The respondent’s version is 4hat at the meeting the second applicant simply informed the respondent that he was dismissed and that Advocate Hiemstra’s recommendation was not put to the members’ meeting for discussion nor for a vote. This version is supported by the minutes of the meeting annexed to the applicants’ founding affidavit. On this basis alone, there must be significant doubt as to whether the respondent was validly dismissed.


I say this because the terms of the members’ agreement and those paragraphs to which I have referred, clearly subordinate both the chairperson and the management committee to the members’ meeting. The minutes record further that after the second applicant’s announcement of the respondent’s dismissal, the member with the majority interest, i.e. Eugene Labuschagne tabled and voted in favour of a resolution that effectively reappointed the respondent to the position of manager. Insofar as any right of veto is concerned, it seems to me that on a reading of the members’ agreement no member enjoys any general right of veto, and that the threat to the lessor’s “investment” referred to in paragraph 6.12 of the member’s agreement is a reference to the lease agreement concluded between the first applicant and the landlord of the premises on which it conducts business, an entity in which the second applicant clearly has an interest.


Similarly, in paragraph 16, the heads of agreement do not equivocally establish a right of veto in respect of the appointment of staff or the termination of their employment.


In coming to these conclusions, I do not purport to make any definitive findings in regard to the interpretation and application of the members’ agreement. Like the relationship between the Montagues and the Capulets, the feud between the Labuschagnes and the Luyts that underlies this matter may well have further consequences in another forum.


I refer to these provisions only in the context of the present enquiry into the existence or otherwise of a dismissal as defined by Section 188 of the Labour Relations Act and as an integral part of an enquiry into all of the relevant facts, ultimately to determine whether, for the purposes of this application, the applicants have established a clear right in the form of the dismissal of the respondent.


In my view, for the above reasons, the applicants have failed to establish on a balance of probabilities that the respondent has been validly dismissed. Their application for a declaratory order to that effect must accordingly fail.
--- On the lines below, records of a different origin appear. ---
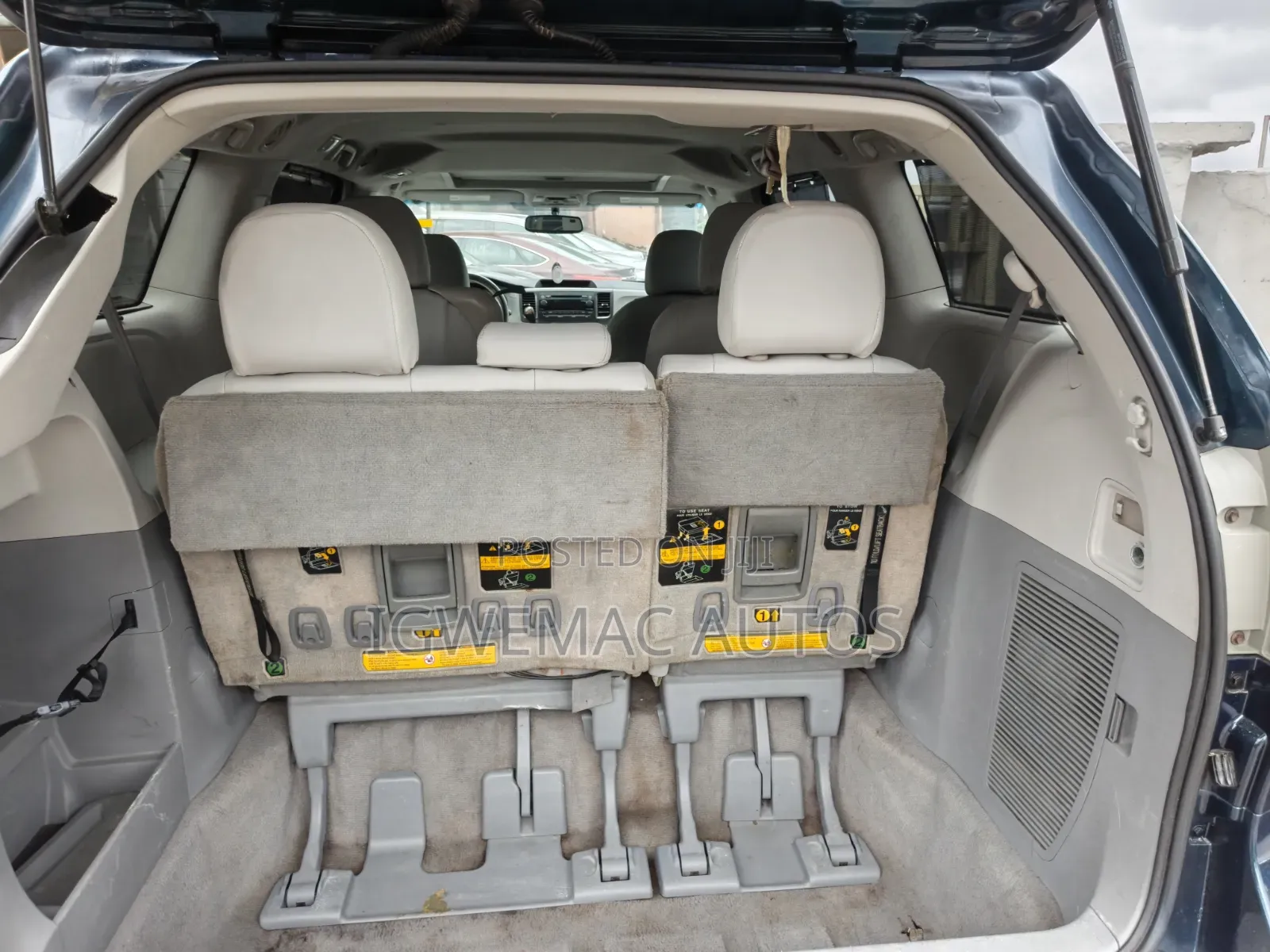 Toyota Sienna XLE 7 Passenger 2011 Blue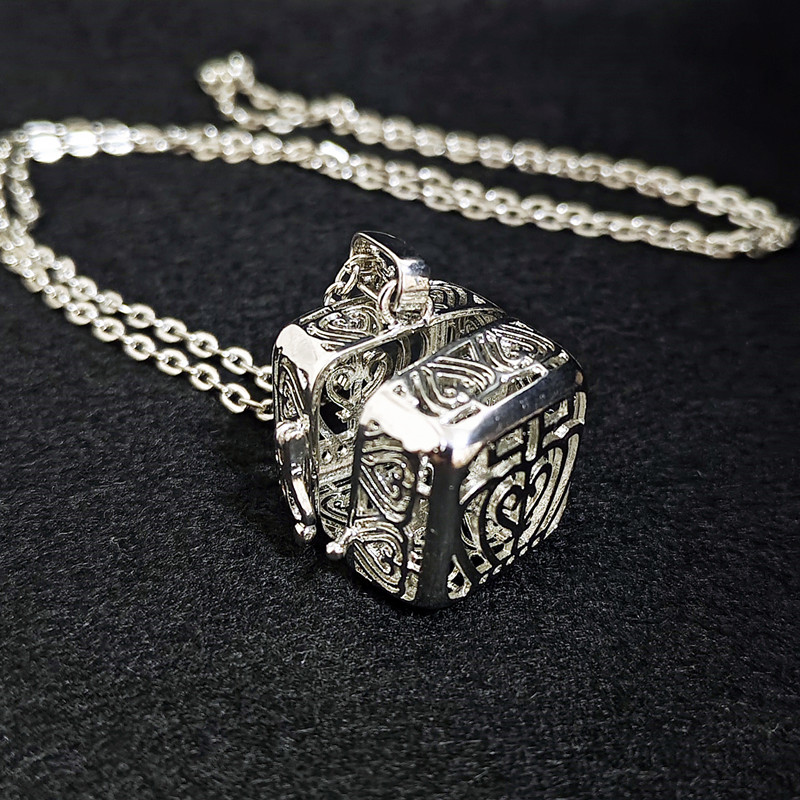 Vintage Brass Hollow Ball Lock - Diffuser Necklace Locket ulasan dan harga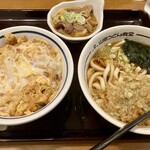 山田うどん - 料理写真: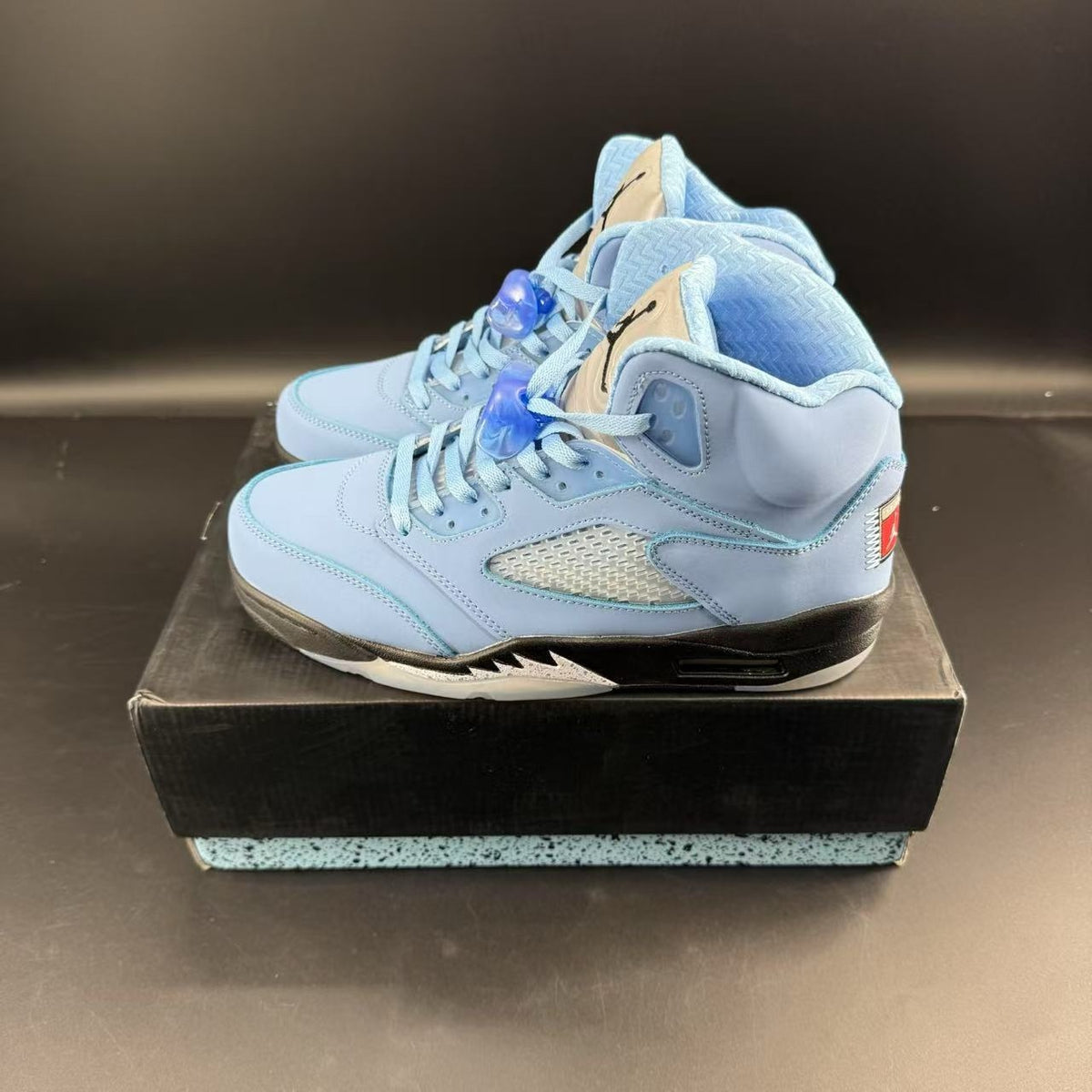 J5 RETRO UNIVERSITY BLUE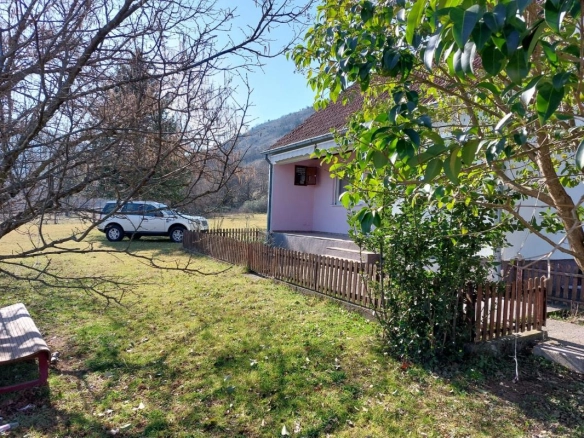 Kuća 74 m² na placu od 9000 m² sa voćnjakom – Frutak, Danilovgrad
My conclusion on this aspect of the application has the consequence that it is unnecessary for me to consider the alternative arguments advanced by Mr Van As, as to why the application should not succeed. I have assumed for the purposes of this judgment and without making a ruling to that effect that the applicants have the necessary authority to bring this application but given my finding on the merits of the application, it is not necessary for me to express a view on this issue and refrain from doing so.


In the result, the application is dismissed with costs.



ANDRE VAN NIEKERK

JUDGE OF THE LABOUR COURT

Date of hearing: 17 December 2008

Date of Judgment: 19 December 2008


Appearances:


For the applicant Adv R Venter

Instructed by Hannelie Basson Attorneys


For the Respondent Adv M Van As

Instructed by Macrobert Inc.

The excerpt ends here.